Помимо внешних причин этой вражды, существуют глубинные, бессознательные. Учение Кастанеды вызывает симпатию у тех, кому близок архетип «странника» — высший архетип человека, стремящегося к познанию. Он близок даосам, и это в еще большей степени сближает их с толтекской традицией вселенских странников.
"Истинное в странствиях! — сказал даосский учитель. — При истинных странствиях не знаешь, куда идешь, при истинном созерцании не ведают, куда глядят.
Все вещи странствуют, всякая тварь — созерцает. Вот это и есть странствие и созерцание".
Вот это и есть место, где находится истина, добавил бы я.
Более того, это и есть Жизнь.
ГЛАВА 9
СТРАНСТВИЕ
Нет ничего удивительного в том, что я постоянно обращаюсь к символике «странствия». Во многих мистических культурах духовная жизнь человека именуется «путем», «тропой» (что в общем-то тоже разновидность странствия); сравнение со «странствием» встречается реже.
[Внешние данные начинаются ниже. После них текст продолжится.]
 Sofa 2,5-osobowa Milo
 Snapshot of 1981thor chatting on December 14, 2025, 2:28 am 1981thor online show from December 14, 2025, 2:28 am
Когда мистическая традиция говорит о своей дисциплине «путь», она подчеркивает направленное движение к цели, подразумевает вполне определенную дорогу, на которой путник встречает известные, нанесенные на карту препятствия, перевалы, оазисы, где можно остановиться и отдохнуть, различные указатели и проч.
Из всех мистиков, наверное, даосы лучше всех понимали, что если ты "идешь по пути", то не увидишь ничего нового — все это уже пройдено до тебя, все известно, записано, и даже конечная цель пути предопределена, подобно тому, как предопределена вершина горы для альпиниста, совершающего восхождение.
Странствие, напротив, подразумевает неопределенность — это движение, о котором ничего нельзя сказать заранее, все равно что идешь туда, куда дует ветер: через час он подует в другую сторону, и ты последуешь за ним. Более того, странствие не имеет цели; оно по определению бесконечно, потому что бесцельное блуждание никогда не приведет вас в точку, на которой написано "Финиш".
Та культура мышления, к которой европейцев приучила аристотелева логика, включает в себя «путь» как одно из близких и разумных понятий. Поэтому европейская мистика — всегда вполне определенная дисциплина, благодаря которой сознание может пройти маршрут, ведущий из точки А в точку Б. Для европейца беспорядочные скитания по духовным ландшафтам не имеют смысла — идти в никуда, просто скитаться по бесконечным просторам есть занятие праздное и неэффективное. Для даоса все наоборот: путь из одной точки в другую — просто вынужденное перемещение, своего рода командировка, поручение, исполняемое для того, чтобы в Поднебесной был порядок. Иными словами, путь — это воплощение Закона, т. е. не-свободы, долг, приписываемый человеку конфуцианством — идеологией государственности. И странствие — антитеза всякому пути, свободное, непредсказуемое движение психики среди просторов Мира, безразличного к долгу, порядку или закону. Поэтому даос — всегда странник, даже когда сидит в своей хижине и смотрит через окошко на далекие горные хребты. На берегу реки он может просто удить рыбу, а может и течь вместе с рекой — кто знает, куда она впадает, быть может, в океан, и тогда любое течение станет его прибежищем до той поры, пока не поменяется ветер и не понесет его совсем в другую сторону. Каждый миг он дома; что бы он ни созерцал — его приют. Но только сейчас, пока ветер не позовет дальше, в другие места с другими реками, лесами, горными вершинами. Его дом — везде, и потому — нигде. В этом заключена причина его свободы.
На духовных просторах люди, очевидно, делятся на "тех, кто уходит" и "тех, кто остается". Можно остаться не только у привычного семейного очага, можно остаться и в буддистском монастыре, и в Ашраме великого йога. В данном случае место ничего не значит; свободное странствие происходит внутри, в той бесконечности, откуда растет наше сознание. Дон Хуан назвал бы странствие разновидностью "не-делания".